(Beginning of MATERIAL FOR THIS TASK)

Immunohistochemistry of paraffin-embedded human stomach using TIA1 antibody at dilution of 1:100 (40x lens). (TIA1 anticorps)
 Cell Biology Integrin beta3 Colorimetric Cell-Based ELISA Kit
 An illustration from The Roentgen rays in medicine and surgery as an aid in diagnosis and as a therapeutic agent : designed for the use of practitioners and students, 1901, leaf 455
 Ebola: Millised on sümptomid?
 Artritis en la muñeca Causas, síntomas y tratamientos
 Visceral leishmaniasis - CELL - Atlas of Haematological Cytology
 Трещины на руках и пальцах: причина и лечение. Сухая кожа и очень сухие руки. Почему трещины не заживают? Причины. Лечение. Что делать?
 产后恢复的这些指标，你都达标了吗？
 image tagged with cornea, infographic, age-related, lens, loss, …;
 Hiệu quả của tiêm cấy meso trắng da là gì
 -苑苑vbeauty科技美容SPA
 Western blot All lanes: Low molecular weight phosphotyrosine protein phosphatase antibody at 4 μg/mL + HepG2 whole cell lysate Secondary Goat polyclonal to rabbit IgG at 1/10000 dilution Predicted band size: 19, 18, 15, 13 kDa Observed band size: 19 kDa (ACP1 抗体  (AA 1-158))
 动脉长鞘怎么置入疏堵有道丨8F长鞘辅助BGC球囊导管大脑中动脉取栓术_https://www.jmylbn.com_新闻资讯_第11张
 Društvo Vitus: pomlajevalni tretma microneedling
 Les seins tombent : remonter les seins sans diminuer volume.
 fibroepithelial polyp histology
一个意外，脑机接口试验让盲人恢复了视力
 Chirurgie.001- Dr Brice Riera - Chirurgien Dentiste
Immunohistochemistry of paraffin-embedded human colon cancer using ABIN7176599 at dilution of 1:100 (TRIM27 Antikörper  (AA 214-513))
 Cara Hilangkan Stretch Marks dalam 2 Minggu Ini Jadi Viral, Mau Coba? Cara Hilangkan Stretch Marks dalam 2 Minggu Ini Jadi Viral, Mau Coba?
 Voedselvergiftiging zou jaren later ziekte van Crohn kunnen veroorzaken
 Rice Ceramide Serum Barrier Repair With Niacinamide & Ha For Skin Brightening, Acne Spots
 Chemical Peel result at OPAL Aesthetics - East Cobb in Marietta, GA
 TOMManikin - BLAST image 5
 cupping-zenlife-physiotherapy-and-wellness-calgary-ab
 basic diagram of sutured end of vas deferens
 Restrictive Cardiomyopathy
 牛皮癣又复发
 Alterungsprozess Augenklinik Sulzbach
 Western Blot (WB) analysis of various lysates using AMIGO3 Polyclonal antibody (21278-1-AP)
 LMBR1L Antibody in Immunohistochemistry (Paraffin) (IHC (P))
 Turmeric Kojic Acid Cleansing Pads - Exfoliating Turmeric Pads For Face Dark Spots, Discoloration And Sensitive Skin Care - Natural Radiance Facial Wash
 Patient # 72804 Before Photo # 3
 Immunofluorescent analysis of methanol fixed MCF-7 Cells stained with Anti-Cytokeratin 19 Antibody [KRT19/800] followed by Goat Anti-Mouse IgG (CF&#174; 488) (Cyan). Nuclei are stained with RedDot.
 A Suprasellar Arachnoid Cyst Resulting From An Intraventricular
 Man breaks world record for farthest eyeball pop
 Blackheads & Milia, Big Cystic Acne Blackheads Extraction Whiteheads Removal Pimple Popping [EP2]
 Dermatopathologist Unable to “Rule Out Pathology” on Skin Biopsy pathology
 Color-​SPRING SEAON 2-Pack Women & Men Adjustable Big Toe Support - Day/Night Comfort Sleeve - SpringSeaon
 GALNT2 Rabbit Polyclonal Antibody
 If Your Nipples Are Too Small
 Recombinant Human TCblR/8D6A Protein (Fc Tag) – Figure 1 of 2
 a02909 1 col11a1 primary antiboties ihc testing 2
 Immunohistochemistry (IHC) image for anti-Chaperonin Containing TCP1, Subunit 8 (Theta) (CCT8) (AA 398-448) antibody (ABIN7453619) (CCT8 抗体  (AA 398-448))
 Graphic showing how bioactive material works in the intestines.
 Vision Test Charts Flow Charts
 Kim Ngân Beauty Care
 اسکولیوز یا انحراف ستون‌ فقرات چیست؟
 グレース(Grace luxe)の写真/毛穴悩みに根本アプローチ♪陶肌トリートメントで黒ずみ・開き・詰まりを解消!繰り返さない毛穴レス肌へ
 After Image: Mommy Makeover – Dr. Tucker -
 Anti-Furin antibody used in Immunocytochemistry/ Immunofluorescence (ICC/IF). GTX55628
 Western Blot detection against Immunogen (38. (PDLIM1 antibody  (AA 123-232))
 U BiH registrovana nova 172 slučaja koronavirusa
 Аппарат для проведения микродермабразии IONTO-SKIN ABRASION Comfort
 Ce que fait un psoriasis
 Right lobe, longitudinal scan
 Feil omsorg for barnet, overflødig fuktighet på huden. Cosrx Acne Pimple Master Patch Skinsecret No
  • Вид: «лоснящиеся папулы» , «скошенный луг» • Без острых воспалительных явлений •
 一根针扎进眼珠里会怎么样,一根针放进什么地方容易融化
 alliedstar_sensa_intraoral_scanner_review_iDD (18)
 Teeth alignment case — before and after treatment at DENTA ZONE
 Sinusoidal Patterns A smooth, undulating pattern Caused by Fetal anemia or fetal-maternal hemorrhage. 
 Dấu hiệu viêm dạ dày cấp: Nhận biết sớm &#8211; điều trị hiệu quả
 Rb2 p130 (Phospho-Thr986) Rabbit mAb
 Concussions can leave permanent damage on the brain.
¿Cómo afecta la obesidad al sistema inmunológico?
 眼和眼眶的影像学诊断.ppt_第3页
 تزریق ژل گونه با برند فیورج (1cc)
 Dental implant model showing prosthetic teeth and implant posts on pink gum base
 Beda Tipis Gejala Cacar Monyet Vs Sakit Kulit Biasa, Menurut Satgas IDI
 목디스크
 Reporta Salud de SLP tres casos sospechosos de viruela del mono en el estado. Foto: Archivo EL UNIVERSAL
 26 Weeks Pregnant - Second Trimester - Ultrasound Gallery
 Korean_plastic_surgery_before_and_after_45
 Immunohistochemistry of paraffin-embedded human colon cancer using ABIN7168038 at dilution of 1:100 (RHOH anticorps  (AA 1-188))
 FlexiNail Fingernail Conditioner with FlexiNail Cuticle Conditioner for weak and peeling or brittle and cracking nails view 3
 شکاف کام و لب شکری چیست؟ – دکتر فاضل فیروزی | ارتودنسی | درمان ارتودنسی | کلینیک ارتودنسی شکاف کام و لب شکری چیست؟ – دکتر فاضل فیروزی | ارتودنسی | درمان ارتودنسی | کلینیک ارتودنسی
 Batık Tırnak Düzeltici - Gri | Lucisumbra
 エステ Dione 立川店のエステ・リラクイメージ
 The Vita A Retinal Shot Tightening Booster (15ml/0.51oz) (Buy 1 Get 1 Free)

(End of MATERIAL FOR THIS TASK)

■ WHAT TO PRODUCE
Copy out, word for word, the part of the entries above that begins at the line with "Western blot All" and ends at the line with "Patient # 72804 Before Photo # 3", including both.

■ RESULT OF THE EXERCISE
 Western blot All lanes: Low molecular weight phosphotyrosine protein phosphatase antibody at 4 μg/mL + HepG2 whole cell lysate Secondary Goat polyclonal to rabbit IgG at 1/10000 dilution Predicted band size: 19, 18, 15, 13 kDa Observed band size: 19 kDa (ACP1 抗体  (AA 1-158))
 动脉长鞘怎么置入疏堵有道丨8F长鞘辅助BGC球囊导管大脑中动脉取栓术_https://www.jmylbn.com_新闻资讯_第11张
 Društvo Vitus: pomlajevalni tretma microneedling
 Les seins tombent : remonter les seins sans diminuer volume.
 fibroepithelial polyp histology
一个意外，脑机接口试验让盲人恢复了视力
 Chirurgie.001- Dr Brice Riera - Chirurgien Dentiste
Immunohistochemistry of paraffin-embedded human colon cancer using ABIN7176599 at dilution of 1:100 (TRIM27 Antikörper  (AA 214-513))
 Cara Hilangkan Stretch Marks dalam 2 Minggu Ini Jadi Viral, Mau Coba? Cara Hilangkan Stretch Marks dalam 2 Minggu Ini Jadi Viral, Mau Coba?
 Voedselvergiftiging zou jaren later ziekte van Crohn kunnen veroorzaken
 Rice Ceramide Serum Barrier Repair With Niacinamide & Ha For Skin Brightening, Acne Spots
 Chemical Peel result at OPAL Aesthetics - East Cobb in Marietta, GA
 TOMManikin - BLAST image 5
 cupping-zenlife-physiotherapy-and-wellness-calgary-ab
 basic diagram of sutured end of vas deferens
 Restrictive Cardiomyopathy
 牛皮癣又复发
 Alterungsprozess Augenklinik Sulzbach
 Western Blot (WB) analysis of various lysates using AMIGO3 Polyclonal antibody (21278-1-AP)
 LMBR1L Antibody in Immunohistochemistry (Paraffin) (IHC (P))
 Turmeric Kojic Acid Cleansing Pads - Exfoliating Turmeric Pads For Face Dark Spots, Discoloration And Sensitive Skin Care - Natural Radiance Facial Wash
 Patient # 72804 Before Photo # 3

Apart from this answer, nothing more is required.